Pennsylvania has a 6 percent sales tax, but food, clothing and services are exempt. Kauffman said supporters believe a broader sales tax will generate enough revenue to eliminate school property taxes.
"I like it because it would tax consumption rather than your home," he said.
State Sen. Terry Punt, R-Franklin, of Waynesboro, Pa., said he also looks favorably at a combination of an almost across-the-board sales tax and gambling money to eliminate property taxes. Gambling money could be put in an escrow account and used to balance school district budgets if sales taxes are insufficient, Punt said.
Only 111 of 501 Pennsylvania school districts adopted Act 72 by the May 30 deadline, according to state Rep. Patrick Fleagle's office. The law provides property tax relief through a combination of slot machine revenues, increased earned income taxes adopted by districts and a "back-end" referendum requiring voter approval for tax increases above the rate of inflation.
The Tuscarora School Board was the only district in Franklin County to vote for the plan, which requires districts to raise the earned income tax from the 0.5 percent to 0.6 percent and hold a later referendum to set income tax rates for the purpose of offsetting property taxes.

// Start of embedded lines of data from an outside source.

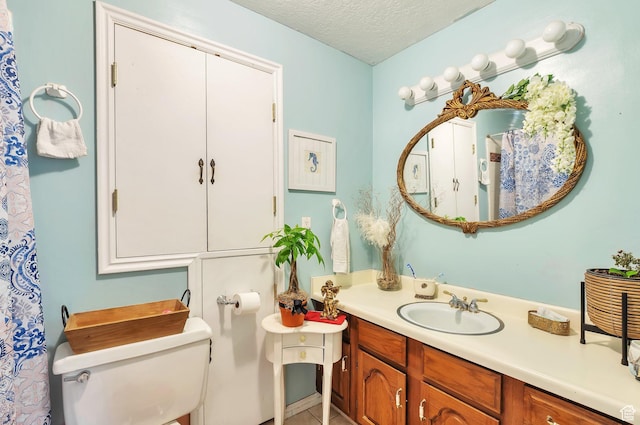 1162 N Newport Ln E, Kaysville, UT 84037 - bathroom featuring vanity and a textured ceiling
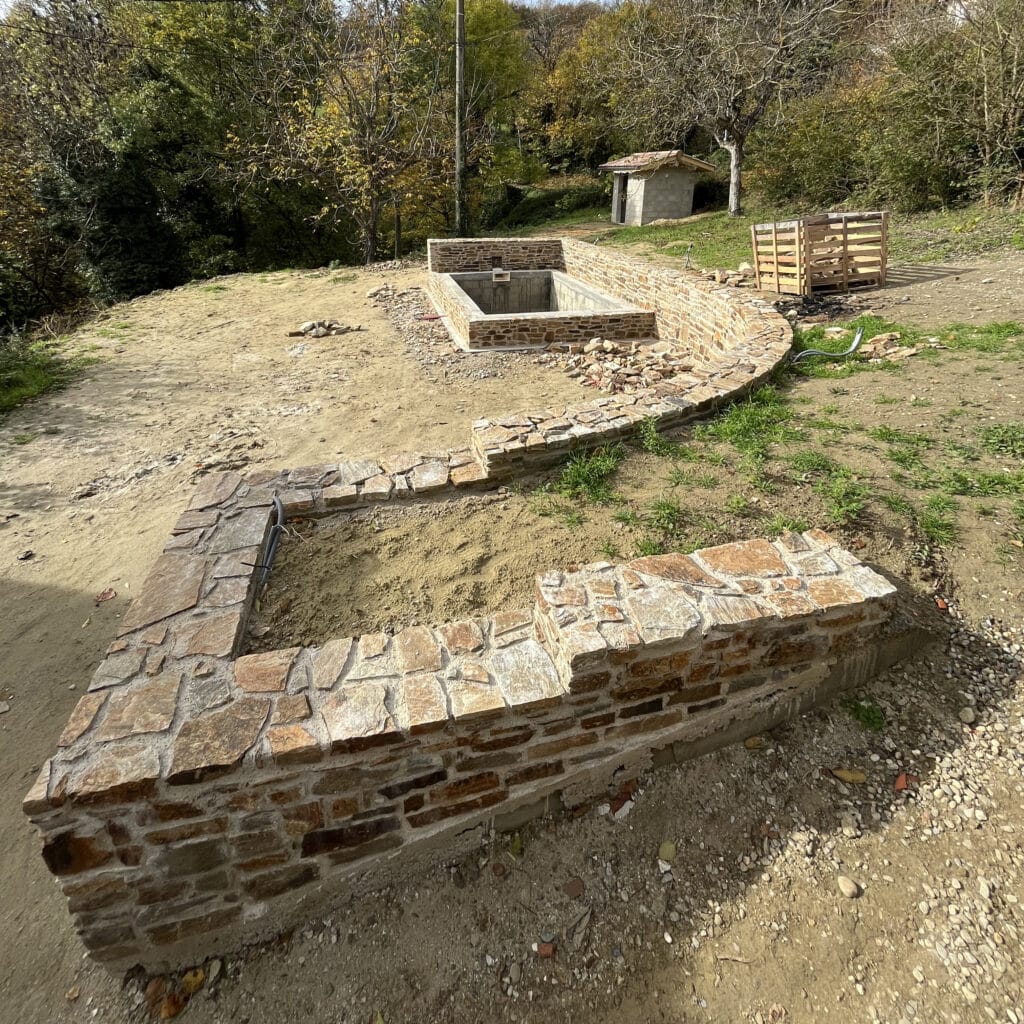 Aménagement paysager avec murs en pierre naturelle et bassin rectangulaire en cours de construction dans un jardin.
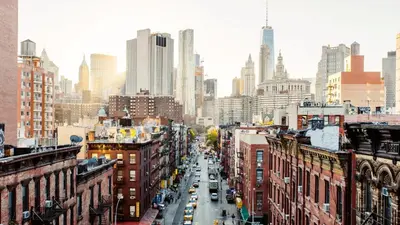 a view of a city street with buildings and cars at Chic & Modern - 35 Mins to NYC - Extended Stays in Jersey City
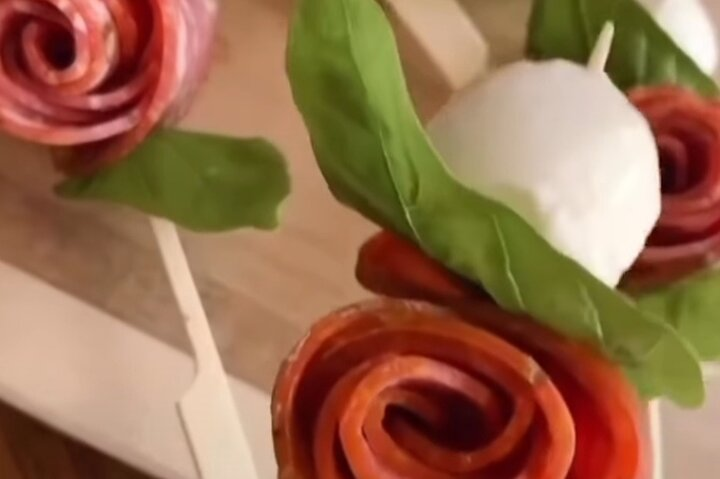 Aperitif of salami roses and mozzarella cherries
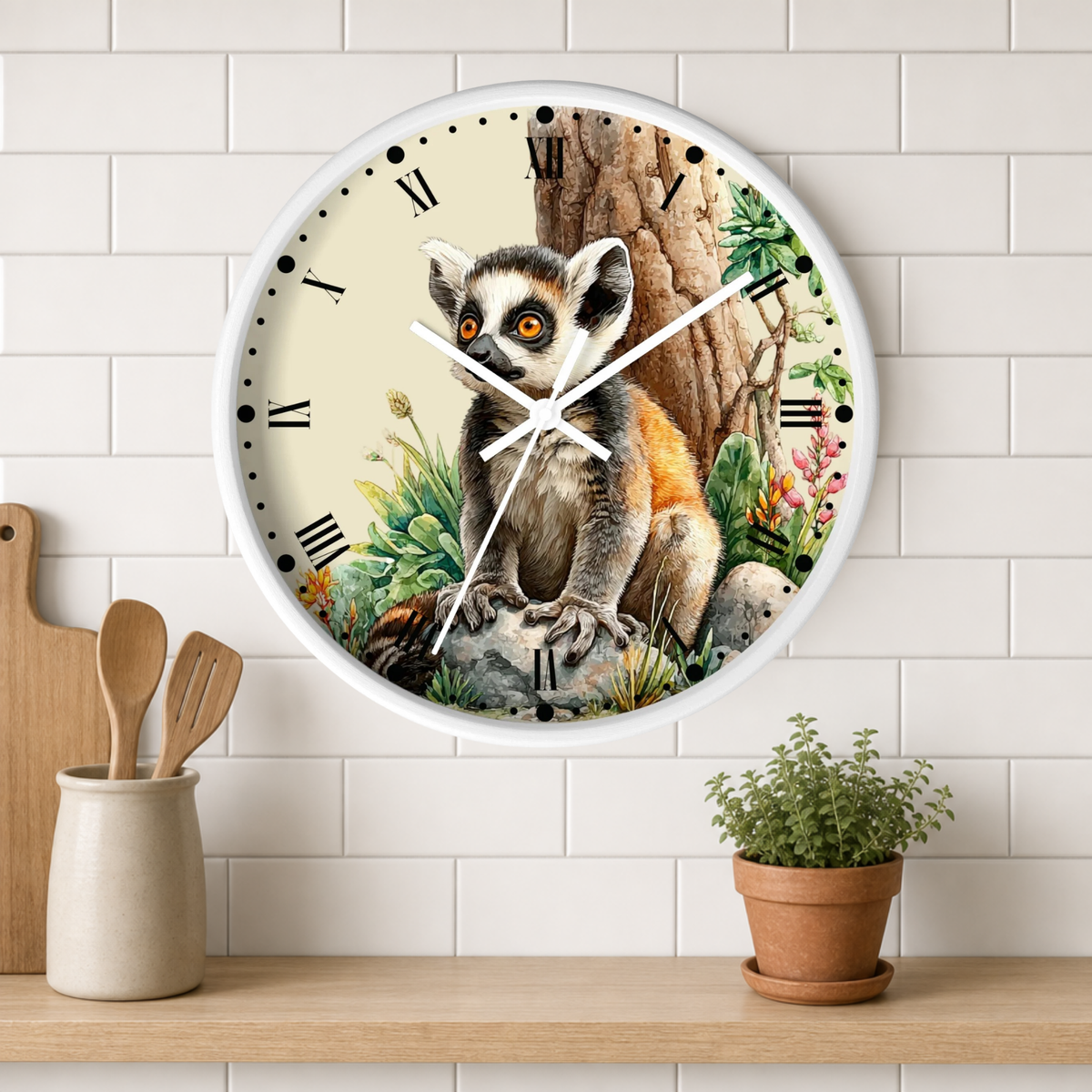 A round wall clock with a white frame and a detailed illustration of a lemur sitting in front of a tree, displayed on a white subway tile wall above a wooden shelf with a small potted plant and wooden utensils.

The governor's amended bill eliminates the mandatory income tax increase, while still using gambling revenues to lower taxes, according to the governor's office.
"That's not going to encourage any school districts to opt in," said Punt. "Their big concern is the referendum."
"The bill would deliver property tax relief to all homeowners directly from the state," Kate Philips, Rendell's press secretary, said Wednesday. When the Legislature and governor approved slot machine gambling, they committed to use gaming revenues for tax relief, she said.
"We want to make sure that money goes to homeowners as promised," Philips said. Gaming will eventually produce approximately $1 billion annually for tax relief, she said.
If approved, the bill will apply to all districts and the local referenda provision remains in place, Philips said. Otherwise, there would be no controls on how much school boards can raise taxes, she said.
Pennsylvania is the only state "without some kind of spending controls" on local school systems, she said.
Fleagle, R-Franklin, disagrees with mandatory participation by school districts.
"Everyone's all for local control until the locals don't do what you want," Fleagle said. "Then they want the state to step in."
The May 30 deadline in the original bill was "artificial" and districts should have been given longer to decide, rather than be forced to raise income taxes to participate, Fleagle said. The process should have been open-ended, allowing districts to evaluate how Act 72 worked in the districts that opted in, he said.
"Why punish school districts for being cautious with taxpayers' money?" Fleagle said.
Fleagle expects a number of tax relief plans to emerge during the special session.
"Everybody's going to get a whack at this," he said.